# [SOURCE DATA]
------------------------

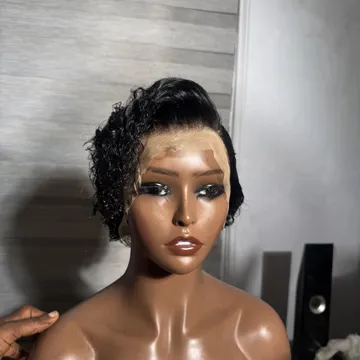 13by4 short pixie curls 💯human hair, very soft. Can be bleached dyed and permed.
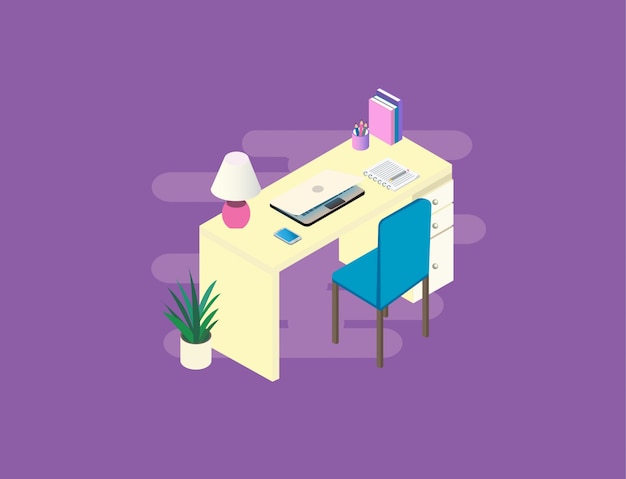 isometric office desk 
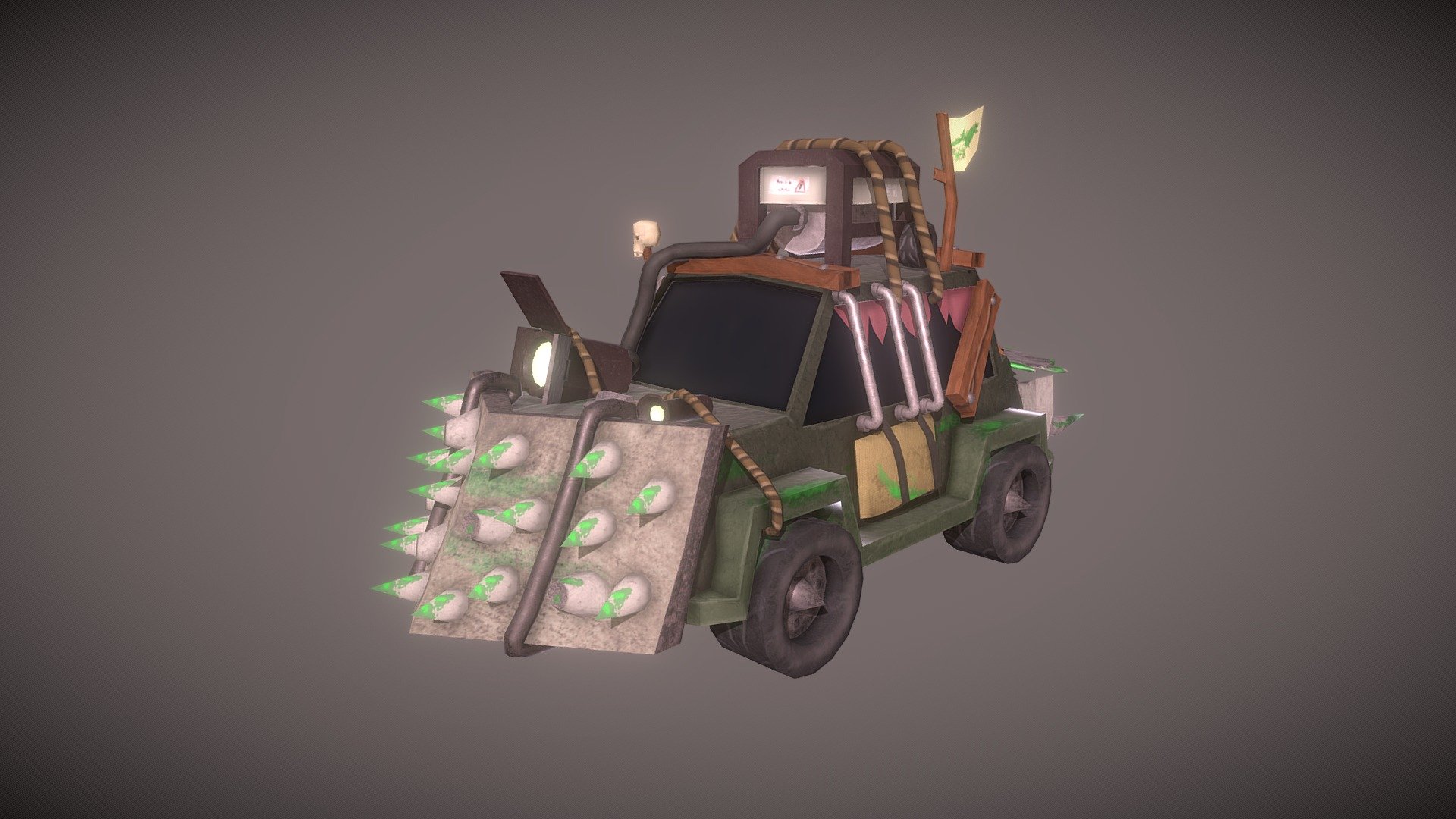 Low poly Cartoon Apocalyptic car - 3D model by g.planque [814a4be ...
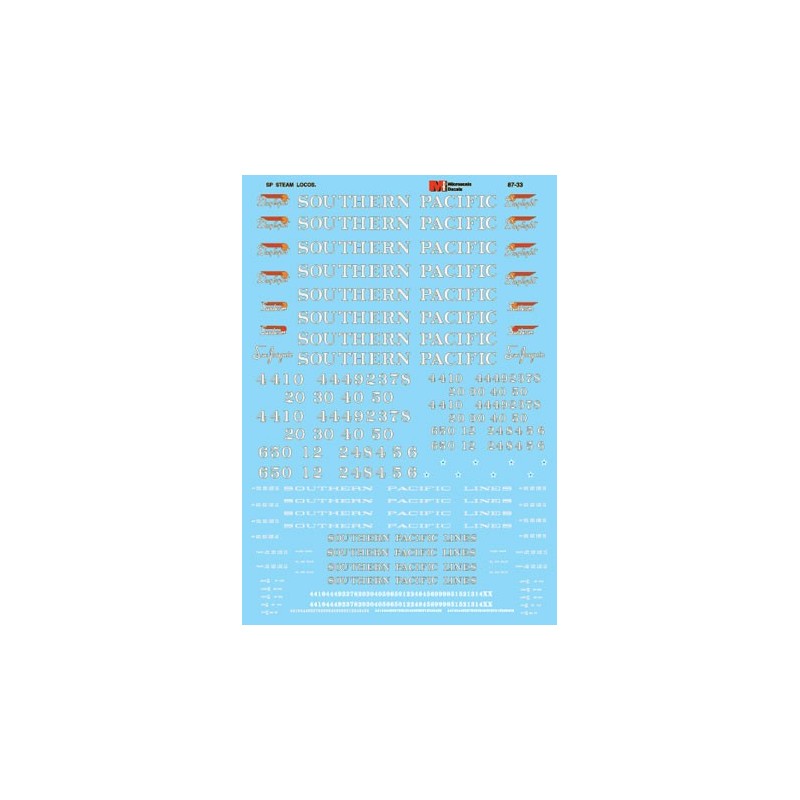 MICROSCALE DECAL 87-33 - SOUTHERN PACIFIC STEAM LOCOMOTIVES - HO SCALE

------------------------

# [WHAT IS REQUIRED]
Beginning with the line that contains "isometric office desk" and ending with the final line of the material, reproduce those lines exactly and nothing else. Omit the pictures.

# [WORKED SOLUTION]
 isometric office desk 
 Low poly Cartoon Apocalyptic car - 3D model by g.planque [814a4be ...
 MICROSCALE DECAL 87-33 - SOUTHERN PACIFIC STEAM LOCOMOTIVES - HO SCALE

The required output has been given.